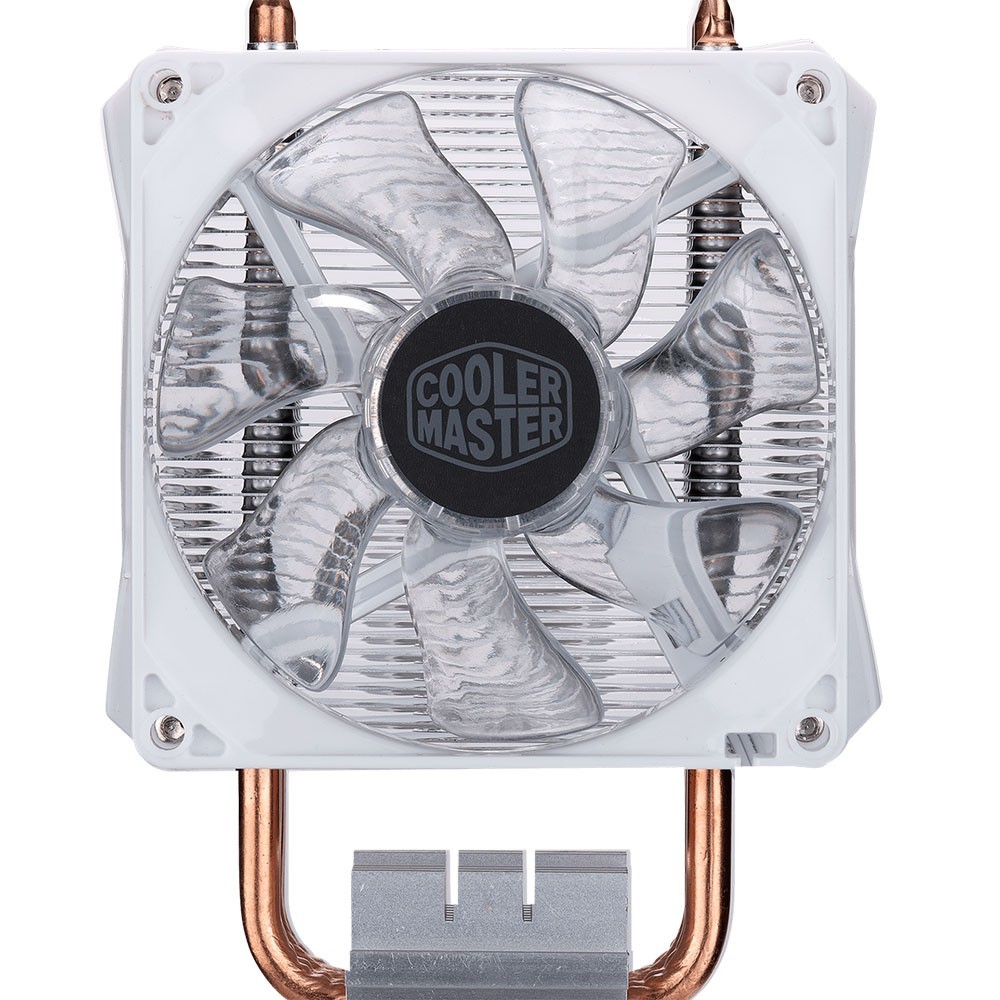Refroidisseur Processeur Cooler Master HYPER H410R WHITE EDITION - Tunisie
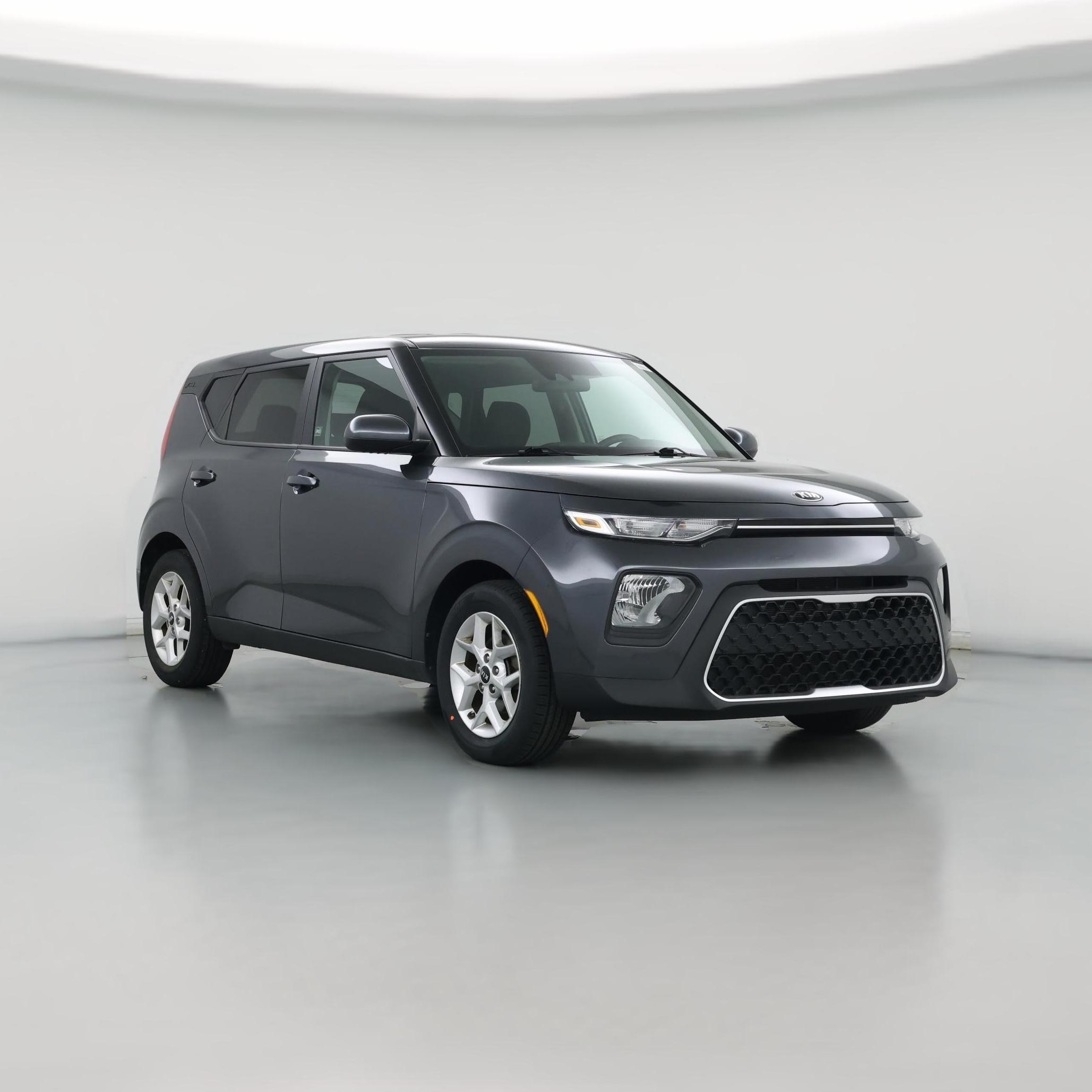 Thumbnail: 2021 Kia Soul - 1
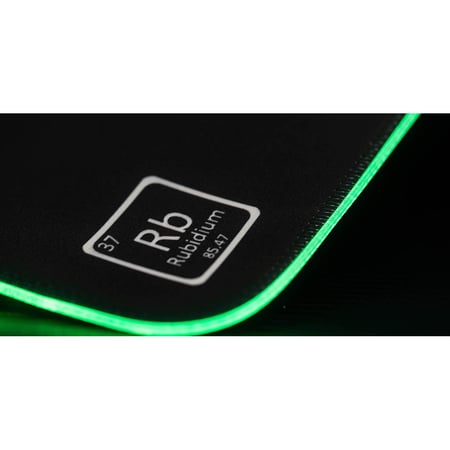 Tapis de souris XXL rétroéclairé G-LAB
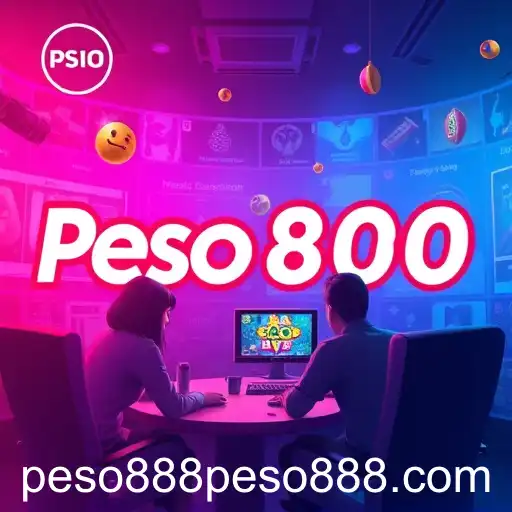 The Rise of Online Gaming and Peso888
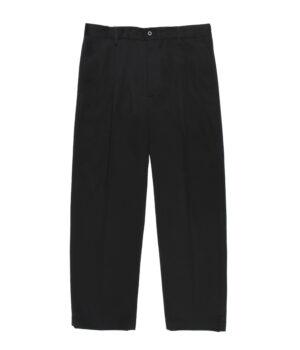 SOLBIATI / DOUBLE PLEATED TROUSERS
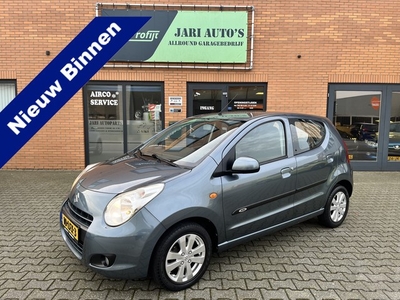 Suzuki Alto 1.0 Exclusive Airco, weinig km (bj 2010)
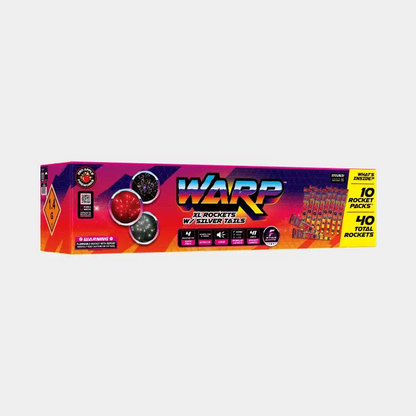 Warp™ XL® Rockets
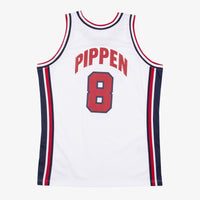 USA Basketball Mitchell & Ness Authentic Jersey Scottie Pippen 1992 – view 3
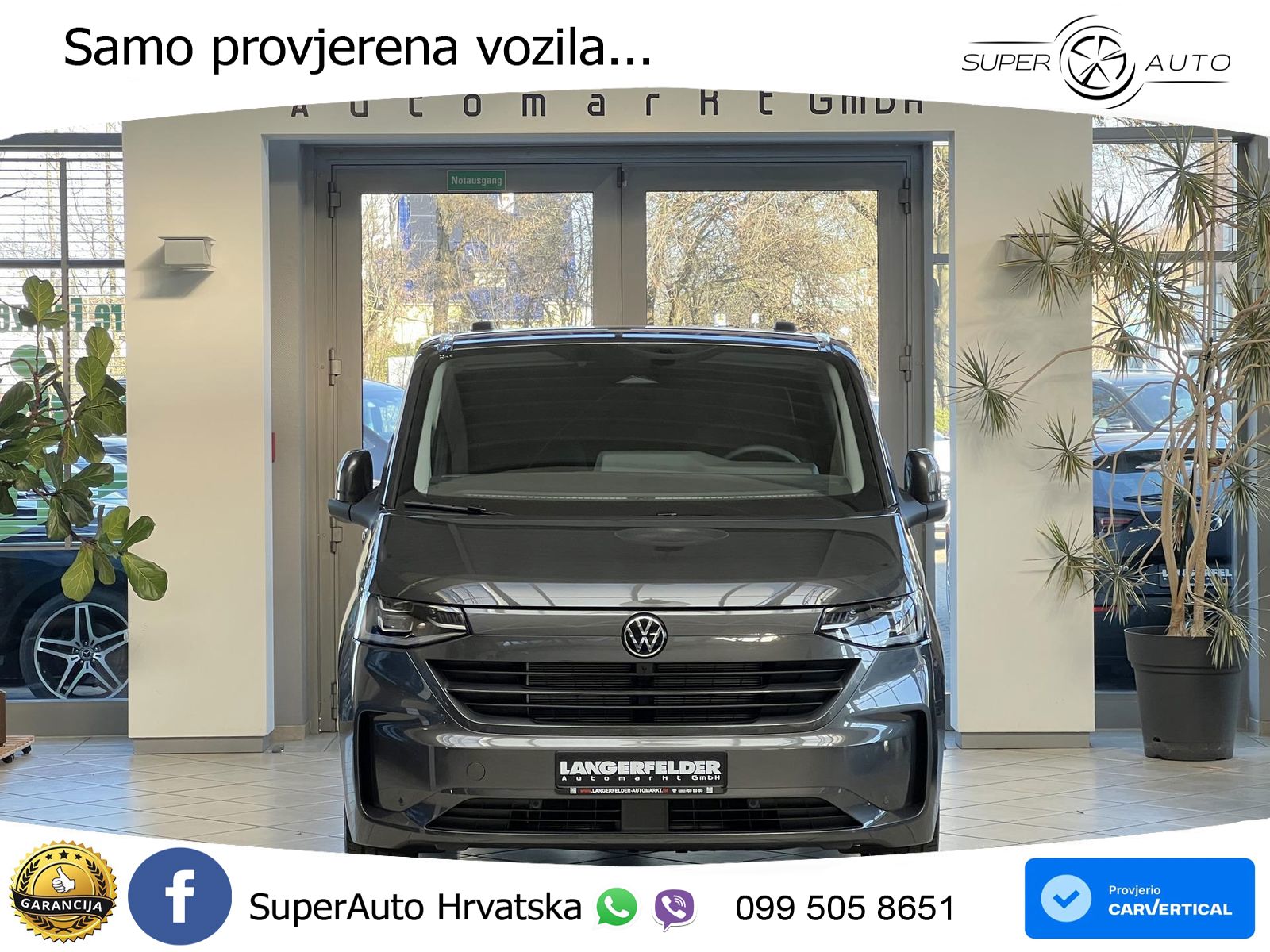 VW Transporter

__________

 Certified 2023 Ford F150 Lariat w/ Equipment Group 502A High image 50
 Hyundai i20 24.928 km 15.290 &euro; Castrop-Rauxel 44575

__________

**WORK TO BE COMPLETED**
Look above for the line with "SOLBIATI / DOUBLE PLEATED TROUSERS" and copy exactly from it through the line with "VW Transporter", both included. Omit the pictures.

**FINISHED EXERCISE**
 SOLBIATI / DOUBLE PLEATED TROUSERS
 Suzuki Alto 1.0 Exclusive Airco, weinig km (bj 2010)
 Warp™ XL® Rockets
 USA Basketball Mitchell & Ness Authentic Jersey Scottie Pippen 1992 – view 3
 VW Transporter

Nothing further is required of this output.